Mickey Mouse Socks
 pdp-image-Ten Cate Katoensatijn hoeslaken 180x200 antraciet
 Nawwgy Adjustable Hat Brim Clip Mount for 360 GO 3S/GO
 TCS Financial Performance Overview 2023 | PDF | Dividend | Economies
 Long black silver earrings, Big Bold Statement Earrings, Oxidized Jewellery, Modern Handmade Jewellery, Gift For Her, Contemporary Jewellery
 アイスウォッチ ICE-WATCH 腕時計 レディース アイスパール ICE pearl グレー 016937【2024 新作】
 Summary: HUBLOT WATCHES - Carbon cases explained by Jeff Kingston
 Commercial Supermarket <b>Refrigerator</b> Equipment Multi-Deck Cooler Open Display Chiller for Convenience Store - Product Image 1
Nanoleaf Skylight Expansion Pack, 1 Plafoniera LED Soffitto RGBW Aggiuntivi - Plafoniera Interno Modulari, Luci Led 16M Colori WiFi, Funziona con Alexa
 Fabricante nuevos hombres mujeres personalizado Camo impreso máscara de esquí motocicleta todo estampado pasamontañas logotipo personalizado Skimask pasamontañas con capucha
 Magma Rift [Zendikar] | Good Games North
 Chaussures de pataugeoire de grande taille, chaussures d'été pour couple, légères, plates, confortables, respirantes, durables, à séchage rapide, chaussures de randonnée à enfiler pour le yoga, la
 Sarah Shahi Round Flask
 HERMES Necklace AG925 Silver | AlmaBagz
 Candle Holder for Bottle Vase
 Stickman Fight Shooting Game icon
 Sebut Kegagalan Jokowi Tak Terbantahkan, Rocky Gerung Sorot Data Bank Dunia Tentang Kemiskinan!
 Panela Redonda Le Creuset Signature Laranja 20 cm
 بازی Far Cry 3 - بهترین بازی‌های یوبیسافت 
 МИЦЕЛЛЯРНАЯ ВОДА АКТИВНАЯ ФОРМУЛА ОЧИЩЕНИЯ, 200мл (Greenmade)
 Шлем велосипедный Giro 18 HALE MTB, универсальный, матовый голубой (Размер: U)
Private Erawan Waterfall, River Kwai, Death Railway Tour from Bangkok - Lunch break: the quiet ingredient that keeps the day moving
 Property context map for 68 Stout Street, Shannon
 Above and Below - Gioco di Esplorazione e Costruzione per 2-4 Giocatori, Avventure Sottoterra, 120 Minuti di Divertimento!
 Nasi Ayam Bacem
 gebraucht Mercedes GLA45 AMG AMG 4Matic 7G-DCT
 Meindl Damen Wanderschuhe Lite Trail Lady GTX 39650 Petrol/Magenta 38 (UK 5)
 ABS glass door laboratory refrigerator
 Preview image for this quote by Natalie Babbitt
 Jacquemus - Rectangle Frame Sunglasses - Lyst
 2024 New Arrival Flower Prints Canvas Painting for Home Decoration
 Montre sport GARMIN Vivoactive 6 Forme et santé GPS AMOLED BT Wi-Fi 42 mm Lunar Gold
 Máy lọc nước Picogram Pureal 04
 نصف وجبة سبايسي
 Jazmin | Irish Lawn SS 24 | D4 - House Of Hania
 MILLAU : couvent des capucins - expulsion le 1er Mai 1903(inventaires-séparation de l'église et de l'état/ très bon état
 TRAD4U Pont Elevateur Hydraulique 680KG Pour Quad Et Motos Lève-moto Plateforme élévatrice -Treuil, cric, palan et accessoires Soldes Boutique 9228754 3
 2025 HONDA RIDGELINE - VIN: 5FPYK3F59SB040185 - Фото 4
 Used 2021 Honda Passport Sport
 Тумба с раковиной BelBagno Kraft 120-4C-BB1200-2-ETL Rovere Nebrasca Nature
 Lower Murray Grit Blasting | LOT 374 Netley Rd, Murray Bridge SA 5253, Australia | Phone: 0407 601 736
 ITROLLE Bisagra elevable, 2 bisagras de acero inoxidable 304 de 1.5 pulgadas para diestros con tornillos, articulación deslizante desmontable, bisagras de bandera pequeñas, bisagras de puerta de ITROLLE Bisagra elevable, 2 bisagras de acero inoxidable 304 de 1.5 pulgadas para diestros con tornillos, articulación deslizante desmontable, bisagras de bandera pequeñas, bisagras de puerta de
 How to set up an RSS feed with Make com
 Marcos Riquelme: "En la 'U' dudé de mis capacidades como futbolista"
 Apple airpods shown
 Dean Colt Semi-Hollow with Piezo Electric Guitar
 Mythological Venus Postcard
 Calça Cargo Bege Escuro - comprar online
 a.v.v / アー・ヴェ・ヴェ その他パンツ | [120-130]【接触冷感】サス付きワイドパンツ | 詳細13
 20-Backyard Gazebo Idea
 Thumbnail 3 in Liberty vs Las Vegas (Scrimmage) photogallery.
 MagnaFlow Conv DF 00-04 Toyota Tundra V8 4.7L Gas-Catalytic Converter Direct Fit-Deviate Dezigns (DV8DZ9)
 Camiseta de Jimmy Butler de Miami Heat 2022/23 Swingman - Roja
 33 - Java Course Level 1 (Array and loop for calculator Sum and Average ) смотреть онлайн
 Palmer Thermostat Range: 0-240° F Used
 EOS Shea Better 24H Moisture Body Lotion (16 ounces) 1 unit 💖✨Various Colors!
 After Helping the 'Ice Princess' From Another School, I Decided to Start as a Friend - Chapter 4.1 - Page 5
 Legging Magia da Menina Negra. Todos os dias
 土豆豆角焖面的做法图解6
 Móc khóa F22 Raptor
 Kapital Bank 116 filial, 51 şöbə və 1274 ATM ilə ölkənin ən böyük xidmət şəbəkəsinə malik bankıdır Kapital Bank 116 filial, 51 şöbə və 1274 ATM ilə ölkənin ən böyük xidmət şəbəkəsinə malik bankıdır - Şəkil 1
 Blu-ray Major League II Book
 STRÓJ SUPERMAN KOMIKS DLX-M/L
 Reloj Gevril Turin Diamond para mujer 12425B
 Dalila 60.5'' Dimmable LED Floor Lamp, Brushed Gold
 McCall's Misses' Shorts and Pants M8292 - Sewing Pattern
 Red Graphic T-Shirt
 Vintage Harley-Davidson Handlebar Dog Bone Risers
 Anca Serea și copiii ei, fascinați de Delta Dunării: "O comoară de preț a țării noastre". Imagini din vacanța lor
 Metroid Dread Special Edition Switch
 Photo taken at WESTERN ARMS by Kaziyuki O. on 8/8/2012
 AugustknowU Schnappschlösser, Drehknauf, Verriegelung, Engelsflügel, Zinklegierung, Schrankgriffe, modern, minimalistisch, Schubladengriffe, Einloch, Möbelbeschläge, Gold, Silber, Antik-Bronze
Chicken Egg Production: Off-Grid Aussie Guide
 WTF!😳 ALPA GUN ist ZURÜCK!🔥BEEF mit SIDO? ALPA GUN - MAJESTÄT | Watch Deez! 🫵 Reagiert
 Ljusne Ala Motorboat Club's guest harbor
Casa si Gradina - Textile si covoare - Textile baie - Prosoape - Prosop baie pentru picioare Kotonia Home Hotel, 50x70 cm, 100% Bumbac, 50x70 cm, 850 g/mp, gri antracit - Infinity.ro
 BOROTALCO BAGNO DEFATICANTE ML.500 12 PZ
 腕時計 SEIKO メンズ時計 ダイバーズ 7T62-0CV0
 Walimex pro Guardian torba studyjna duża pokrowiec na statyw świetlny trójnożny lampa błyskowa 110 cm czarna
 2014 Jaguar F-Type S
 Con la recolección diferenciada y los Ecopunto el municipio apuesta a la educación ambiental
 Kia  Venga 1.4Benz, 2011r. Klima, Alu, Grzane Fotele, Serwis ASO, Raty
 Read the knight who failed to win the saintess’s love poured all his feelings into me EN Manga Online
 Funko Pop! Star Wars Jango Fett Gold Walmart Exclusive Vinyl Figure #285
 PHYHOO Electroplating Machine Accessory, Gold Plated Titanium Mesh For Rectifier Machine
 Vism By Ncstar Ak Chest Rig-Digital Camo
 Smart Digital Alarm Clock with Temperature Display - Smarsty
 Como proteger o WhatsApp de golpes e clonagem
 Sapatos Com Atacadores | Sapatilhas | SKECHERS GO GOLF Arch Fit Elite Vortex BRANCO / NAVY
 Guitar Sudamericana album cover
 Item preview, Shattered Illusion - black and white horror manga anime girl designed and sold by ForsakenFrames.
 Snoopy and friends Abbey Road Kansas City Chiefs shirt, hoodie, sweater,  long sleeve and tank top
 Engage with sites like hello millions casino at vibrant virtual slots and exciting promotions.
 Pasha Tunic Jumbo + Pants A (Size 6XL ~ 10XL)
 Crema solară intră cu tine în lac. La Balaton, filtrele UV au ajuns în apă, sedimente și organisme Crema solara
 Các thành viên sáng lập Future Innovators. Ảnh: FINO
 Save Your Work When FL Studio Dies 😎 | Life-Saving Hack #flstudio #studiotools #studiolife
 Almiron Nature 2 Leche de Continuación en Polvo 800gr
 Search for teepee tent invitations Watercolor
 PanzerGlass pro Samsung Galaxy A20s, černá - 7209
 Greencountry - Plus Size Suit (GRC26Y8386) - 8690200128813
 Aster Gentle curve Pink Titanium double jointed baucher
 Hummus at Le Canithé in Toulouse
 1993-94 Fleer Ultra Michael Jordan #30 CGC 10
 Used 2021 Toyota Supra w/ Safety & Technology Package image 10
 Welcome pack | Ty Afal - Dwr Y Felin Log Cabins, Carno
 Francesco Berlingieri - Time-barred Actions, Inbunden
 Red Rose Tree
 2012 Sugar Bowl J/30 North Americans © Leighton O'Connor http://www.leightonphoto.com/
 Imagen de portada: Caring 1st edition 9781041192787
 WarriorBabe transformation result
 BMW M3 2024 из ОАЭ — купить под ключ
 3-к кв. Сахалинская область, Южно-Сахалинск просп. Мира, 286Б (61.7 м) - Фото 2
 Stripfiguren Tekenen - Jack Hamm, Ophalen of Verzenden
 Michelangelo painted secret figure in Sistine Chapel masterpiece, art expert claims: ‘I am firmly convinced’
━━━━━━━━━━
**DESCRIPTION OF THE TASK:**
From the entries above, write out only the lines starting at the line that holds "Anca Serea și" and ending at the line that holds "Photo taken at", keeping both and matching them exactly.

**SOLUTION:**
 Anca Serea și copiii ei, fascinați de Delta Dunării: "O comoară de preț a țării noastre". Imagini din vacanța lor
 Metroid Dread Special Edition Switch
 Photo taken at WESTERN ARMS by Kaziyuki O. on 8/8/2012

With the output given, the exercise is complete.